The Boomers, of course, won't like that judgment. Many of them—the leading edge really—came of age in the Sixties and will always wax nostalgic about it. But, the reality is that the decade set in motion much of what's wrong with America today.
That's not the thrust here though. Greenfield, a former editor at Rolling Stone and author of several rock biographies, sets his biography of Londoners Tommy and Susan "Puss" Weber against the backdrop of the psychedelic Sixties, but the era is very much in the background. The spotlight falls squarely on the glamorous and privileged young couple and their hedonistic lifestyle. Yes, the Sixties offered certain inducements for destructive behavior, but you can easily imagine a similar outcome for these two in other eras as well.

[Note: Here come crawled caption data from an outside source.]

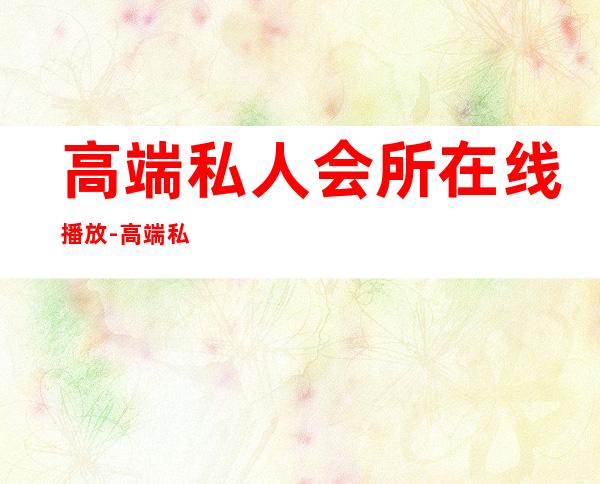 高端私人会所在线播放-高端私人会所是干啥的?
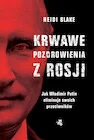 Publicystyka - Krwawe pozdrowienia z Rosji - miniaturka - grafika 1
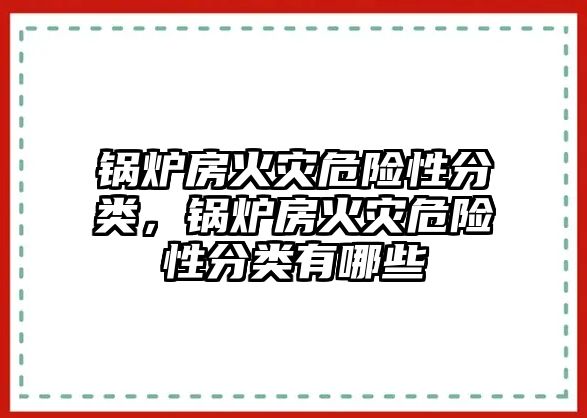 鍋爐房火災危險性分類，鍋爐房火災危險性分類有哪些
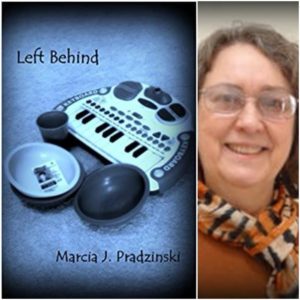 Left Behind by Marcia J. Pradzinski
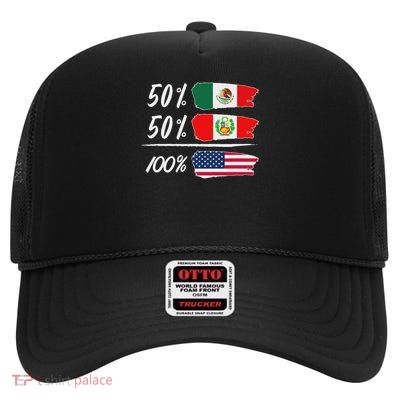 50 Perú, 50 Mexico And 100 American Life Half Mexican, Half Peruvian, Fully Usa High Crown Mesh Back Trucker Hat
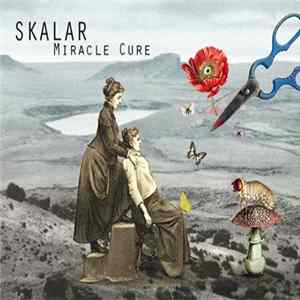 Skalar - Miracle Cure mp3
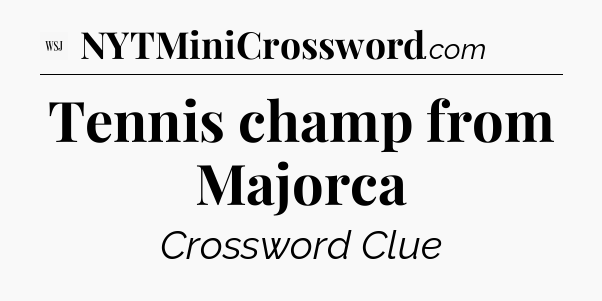 Tennis champ from Majorca - WSJ Crossword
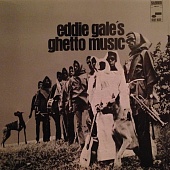 GALE, EDDIE — Eddie Gale'S Ghetto Music (LP)
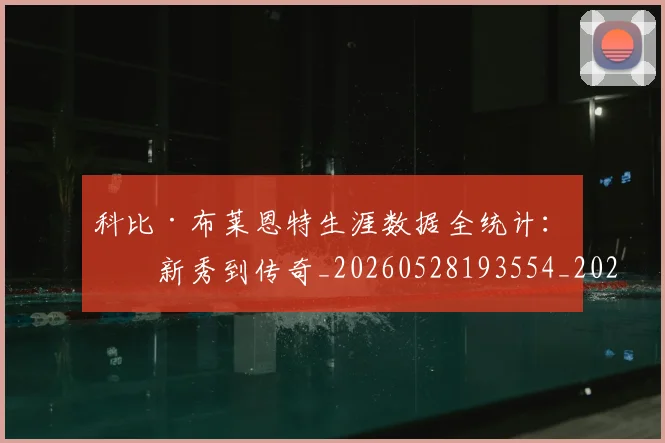科比·布莱恩特生涯数据全统计：从新秀到传奇_20260528193554_20260802164811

Tommy Weber and Susan "Puss" Coriat seemed to have it all: aristocratic connections, generous trust funds, public (i.e. private) school educations, and great looks. Tommy was rakishly handsome and a dare-devil. Puss, who was described as "a honey pot at age fourteen," was inordinately beautiful and dangerously romantic. Both were combustible.
The two met in London in the early '60s and immediately fell in love. When Puss discovered she was pregnant in 1962, the couple wed—in Tommy's words, "a shotgun marriage."
Neither seemed much interested in working. Tommy raced motor cars for a spell; speculated in real estate; and fell in with a drug smuggler eventually. Puss did a little modeling and dabbled at running a New Age restaurant.
But, both were heavily into the swinging scene—anchored in drug use and rock music—that defined London in the Sixties. The lifestyle was especially dangerous for Puss who famously "lived in her imagination." Soon, Puss was experimenting with LSD and lesbian love affairs. Along the way, the couple had two young sons that neither was really equipped to raise.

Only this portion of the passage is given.